Spark is the core software used in this course. More specifically, we'll be extensively using PySpark, which provide Python bindings to Spark. (Py)Spark can be invoked from the command line, but the assignments are written as Jupyter notebooks.
Although (Py)Spark is intended to run on a cluster, in this course you'll be running the complete software stack locally. The assignments are designed so that they can be completed on any reasonably modern laptop. The datasets we'll be giving you are no more than a small number of gigabytes, and processing time is not intended to take more than a couple of minutes at most. If you encounter any divergence from this, it's likely that you're not doing something right...

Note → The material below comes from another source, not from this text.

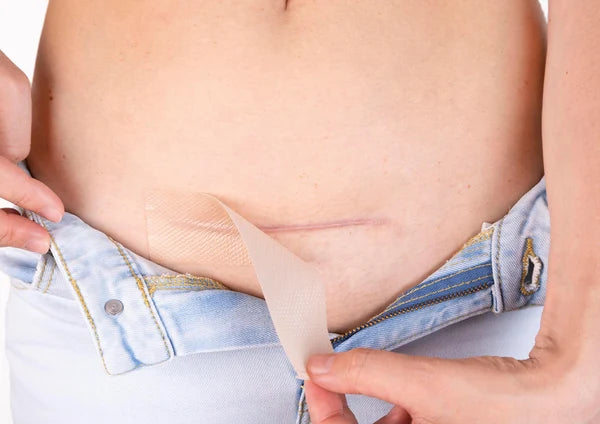 The Cesarean Occlusion Patch®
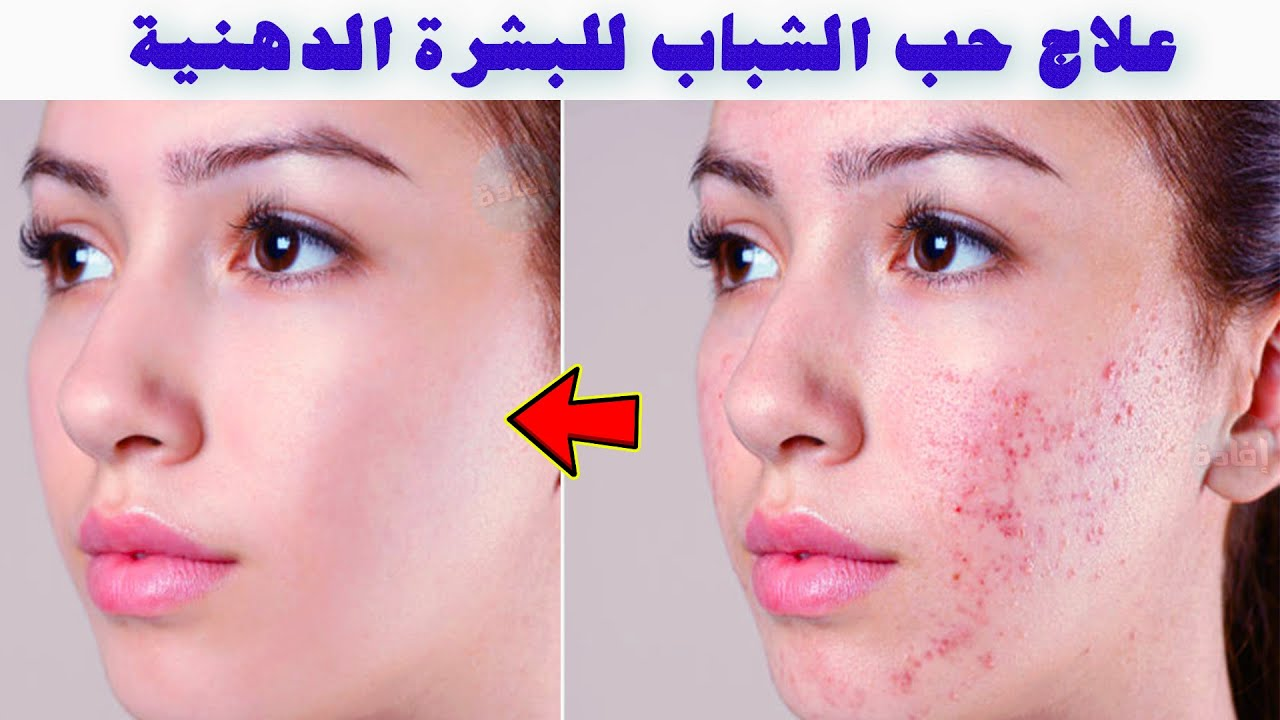 للعناية بالبشرة..إليك 3 وصفات مختلفة بنتائج مذهلة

We will strive to be helpful, but it is our expectation that you will be able to install and configure all software necessary for this course on your own. We provide basic installation instructions here, but the course staff cannot provide detailed technical support and individual hand-holding for everyone, due to the number of students and the idiosyncrasies of individual systems.
Conda is recommended for managing your environment. Here's how you might get started by creating an environment for this course:
conda create -n cs451 python=3.10 -y conda activate cs451
Once you've activated the environment, install the following packages:
conda install -c conda-forge openjdk=21 maven -y pip install findspark pip install numpy pip install jupyterlab
We'll be using Python 3.10 and Java 21.
As of September 2025, jupyterlab
is at version 4.4.6.
Next, grab the Spark tarball from here. You want v4.0.0, "Pre-built for Apache Hadoop 3.4 and later". Note that Spark 4 is pre-built with Scala 2.13.

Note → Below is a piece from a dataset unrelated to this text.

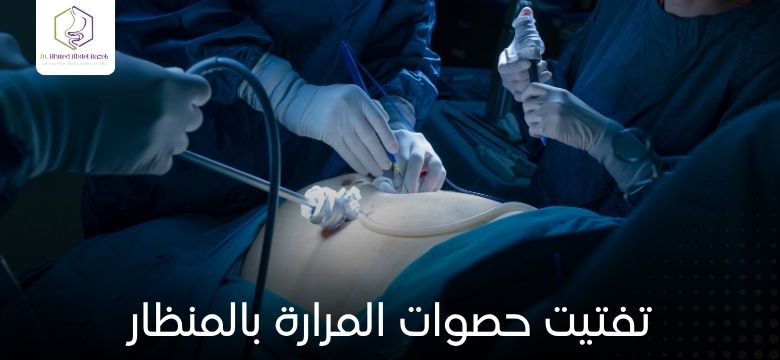 تفتيت حصوات المرارة بالمنظار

Unpack the tarball somewhere convenient.
Set your SPARK_HOME
environment variable to point to the location where you've unpacked the tarball.
Add the bin/
sub-directory to your path.
Something like this:
export SPARK_HOME="/path/to/spark-4.0.0-bin-hadoop3" export PATH="$PATH:$SPARK_HOME/bin"
Once this is all done, you should be able to launch JupyterLab in a shell (terminal), as follows:
jupyter lab
The above instructions provide a starting point. There are many variations, especially for different operating systems, so YMMV.

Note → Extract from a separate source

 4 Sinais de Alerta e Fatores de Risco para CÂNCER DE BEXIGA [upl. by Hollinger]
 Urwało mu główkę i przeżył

For anyone interested in using the student Linux servers to complete course assignments, please follow the steps outlined here to get access. This option is highly recommended for Windows users, since assignment notebooks may not run seamlessly on Windows, even if using WSL.
Once you're logged into the server, follow these installation steps:
# Download Miniconda installer wget https://repo.anaconda.com/miniconda/Miniconda3-latest-Linux-x86_64.sh -O miniconda.sh # Run the installer bash miniconda.sh -b -p $HOME/miniconda # Initialize conda in your shell eval "$($HOME/miniconda/bin/conda shell.bash hook)" conda init # Create course environment conda create -n cs451 python=3.10 -y conda activate cs451 # Java 21 + Maven conda install -c conda-forge openjdk=21 maven -y # Python libraries pip install findspark numpy jupyterlab # Spark 4.0.0 prebuilt with Hadoop 3.4+ wget https://archive.apache.org/dist/spark/spark-4.0.0/spark-4.0.0-bin-hadoop3.tgz tar -xvzf spark-4.0.0-bin-hadoop3.tgz -C $HOME # Set environment variables. Add these two lines to the bottom of your ~/.bashrc: export SPARK_HOME="/path/to/spark-4.0.0-bin-hadoop3" export PATH="$PATH:$SPARK_HOME/bin" # Reload shell source ~/.bashrc
Here's how to verify everything works:
# Ensure conda course environment is activated then run the following commands spark-shell --version # should print Spark info jupyter lab # launch JupyterLab
When you start JupyterLab from the terminal, it will display a few links. Copy any one of them into your browser on your local machine to open and work with the notebook.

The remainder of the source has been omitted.